Data entries:
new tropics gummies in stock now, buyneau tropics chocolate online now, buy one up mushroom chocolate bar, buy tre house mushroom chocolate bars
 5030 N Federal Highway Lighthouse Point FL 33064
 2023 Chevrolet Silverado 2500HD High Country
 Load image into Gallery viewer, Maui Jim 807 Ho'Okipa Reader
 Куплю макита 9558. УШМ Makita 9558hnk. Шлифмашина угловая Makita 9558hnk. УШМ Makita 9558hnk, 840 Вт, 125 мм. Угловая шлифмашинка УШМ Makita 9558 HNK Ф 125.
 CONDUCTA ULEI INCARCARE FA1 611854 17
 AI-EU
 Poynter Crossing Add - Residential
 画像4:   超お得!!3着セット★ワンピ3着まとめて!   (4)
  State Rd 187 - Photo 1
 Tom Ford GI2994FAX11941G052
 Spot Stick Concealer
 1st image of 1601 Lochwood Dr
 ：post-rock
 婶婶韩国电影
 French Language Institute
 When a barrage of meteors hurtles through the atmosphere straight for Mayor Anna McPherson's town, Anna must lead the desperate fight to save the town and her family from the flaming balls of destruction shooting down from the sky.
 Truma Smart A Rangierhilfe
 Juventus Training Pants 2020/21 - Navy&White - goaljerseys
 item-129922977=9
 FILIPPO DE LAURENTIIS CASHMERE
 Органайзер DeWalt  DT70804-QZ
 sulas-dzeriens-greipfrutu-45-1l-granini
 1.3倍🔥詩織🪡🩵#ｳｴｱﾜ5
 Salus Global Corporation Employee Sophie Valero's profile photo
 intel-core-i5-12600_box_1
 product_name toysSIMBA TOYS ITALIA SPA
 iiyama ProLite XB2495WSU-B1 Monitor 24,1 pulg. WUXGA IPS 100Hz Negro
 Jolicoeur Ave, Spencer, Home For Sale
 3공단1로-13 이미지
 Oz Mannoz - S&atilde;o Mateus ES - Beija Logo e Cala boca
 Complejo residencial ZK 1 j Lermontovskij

_What needs to be done_
The answer must restate all of the entries exactly.

_Your solution_
new tropics gummies in stock now, buyneau tropics chocolate online now, buy one up mushroom chocolate bar, buy tre house mushroom chocolate bars
 5030 N Federal Highway Lighthouse Point FL 33064
 2023 Chevrolet Silverado 2500HD High Country
 Load image into Gallery viewer, Maui Jim 807 Ho'Okipa Reader
 Куплю макита 9558. УШМ Makita 9558hnk. Шлифмашина угловая Makita 9558hnk. УШМ Makita 9558hnk, 840 Вт, 125 мм. Угловая шлифмашинка УШМ Makita 9558 HNK Ф 125.
 CONDUCTA ULEI INCARCARE FA1 611854 17
 AI-EU
 Poynter Crossing Add - Residential
 画像4:   超お得!!3着セット★ワンピ3着まとめて!   (4)
  State Rd 187 - Photo 1
 Tom Ford GI2994FAX11941G052
 Spot Stick Concealer
 1st image of 1601 Lochwood Dr
 ：post-rock
 婶婶韩国电影
 French Language Institute
 When a barrage of meteors hurtles through the atmosphere straight for Mayor Anna McPherson's town, Anna must lead the desperate fight to save the town and her family from the flaming balls of destruction shooting down from the sky.
 Truma Smart A Rangierhilfe
 Juventus Training Pants 2020/21 - Navy&White - goaljerseys
 item-129922977=9
 FILIPPO DE LAURENTIIS CASHMERE
 Органайзер DeWalt  DT70804-QZ
 sulas-dzeriens-greipfrutu-45-1l-granini
 1.3倍🔥詩織🪡🩵#ｳｴｱﾜ5
 Salus Global Corporation Employee Sophie Valero's profile photo
 intel-core-i5-12600_box_1
 product_name toysSIMBA TOYS ITALIA SPA
 iiyama ProLite XB2495WSU-B1 Monitor 24,1 pulg. WUXGA IPS 100Hz Negro
 Jolicoeur Ave, Spencer, Home For Sale
 3공단1로-13 이미지
 Oz Mannoz - S&atilde;o Mateus ES - Beija Logo e Cala boca
 Complejo residencial ZK 1 j Lermontovskij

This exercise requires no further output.